● **PROBLEM REQUIREMENTS**:
Every line below from the one containing "Changan UNI-V 2022" through the one containing "Picture 10 of 13" must be transcribed exactly. Omit all lines outside that stretch.

● **DATA FOR THIS TASK**:
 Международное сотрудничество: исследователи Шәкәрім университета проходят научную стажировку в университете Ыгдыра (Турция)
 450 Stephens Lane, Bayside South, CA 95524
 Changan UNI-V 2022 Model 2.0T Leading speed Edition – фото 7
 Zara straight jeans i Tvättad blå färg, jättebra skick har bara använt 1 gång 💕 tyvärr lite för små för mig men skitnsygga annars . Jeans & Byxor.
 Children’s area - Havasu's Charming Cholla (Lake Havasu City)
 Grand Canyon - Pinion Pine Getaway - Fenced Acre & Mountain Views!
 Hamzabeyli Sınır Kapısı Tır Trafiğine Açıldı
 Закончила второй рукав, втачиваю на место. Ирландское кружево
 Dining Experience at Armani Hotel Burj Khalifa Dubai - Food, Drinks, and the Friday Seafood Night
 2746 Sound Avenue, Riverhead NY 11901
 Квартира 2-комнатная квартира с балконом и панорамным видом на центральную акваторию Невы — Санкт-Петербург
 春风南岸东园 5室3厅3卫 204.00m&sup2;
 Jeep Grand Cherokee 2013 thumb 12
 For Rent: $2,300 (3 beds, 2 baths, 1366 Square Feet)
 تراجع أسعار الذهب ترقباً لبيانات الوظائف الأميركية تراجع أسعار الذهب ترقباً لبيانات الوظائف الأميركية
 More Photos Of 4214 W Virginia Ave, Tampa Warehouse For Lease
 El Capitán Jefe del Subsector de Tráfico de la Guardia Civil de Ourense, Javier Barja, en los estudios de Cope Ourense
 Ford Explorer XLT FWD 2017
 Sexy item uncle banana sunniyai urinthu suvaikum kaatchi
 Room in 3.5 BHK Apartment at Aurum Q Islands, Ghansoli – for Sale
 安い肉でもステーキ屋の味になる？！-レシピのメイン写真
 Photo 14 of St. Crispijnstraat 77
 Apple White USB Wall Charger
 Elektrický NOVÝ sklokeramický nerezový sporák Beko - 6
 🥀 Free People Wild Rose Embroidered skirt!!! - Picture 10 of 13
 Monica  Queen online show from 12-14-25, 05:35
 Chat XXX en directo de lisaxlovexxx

● **WRITTEN ANSWER**:
 Changan UNI-V 2022 Model 2.0T Leading speed Edition – фото 7
 Zara straight jeans i Tvättad blå färg, jättebra skick har bara använt 1 gång 💕 tyvärr lite för små för mig men skitnsygga annars . Jeans & Byxor.
 Children’s area - Havasu's Charming Cholla (Lake Havasu City)
 Grand Canyon - Pinion Pine Getaway - Fenced Acre & Mountain Views!
 Hamzabeyli Sınır Kapısı Tır Trafiğine Açıldı
 Закончила второй рукав, втачиваю на место. Ирландское кружево
 Dining Experience at Armani Hotel Burj Khalifa Dubai - Food, Drinks, and the Friday Seafood Night
 2746 Sound Avenue, Riverhead NY 11901
 Квартира 2-комнатная квартира с балконом и панорамным видом на центральную акваторию Невы — Санкт-Петербург
 春风南岸东园 5室3厅3卫 204.00m&sup2;
 Jeep Grand Cherokee 2013 thumb 12
 For Rent: $2,300 (3 beds, 2 baths, 1366 Square Feet)
 تراجع أسعار الذهب ترقباً لبيانات الوظائف الأميركية تراجع أسعار الذهب ترقباً لبيانات الوظائف الأميركية
 More Photos Of 4214 W Virginia Ave, Tampa Warehouse For Lease
 El Capitán Jefe del Subsector de Tráfico de la Guardia Civil de Ourense, Javier Barja, en los estudios de Cope Ourense
 Ford Explorer XLT FWD 2017
 Sexy item uncle banana sunniyai urinthu suvaikum kaatchi
 Room in 3.5 BHK Apartment at Aurum Q Islands, Ghansoli – for Sale
 安い肉でもステーキ屋の味になる？！-レシピのメイン写真
 Photo 14 of St. Crispijnstraat 77
 Apple White USB Wall Charger
 Elektrický NOVÝ sklokeramický nerezový sporák Beko - 6
 🥀 Free People Wild Rose Embroidered skirt!!! - Picture 10 of 13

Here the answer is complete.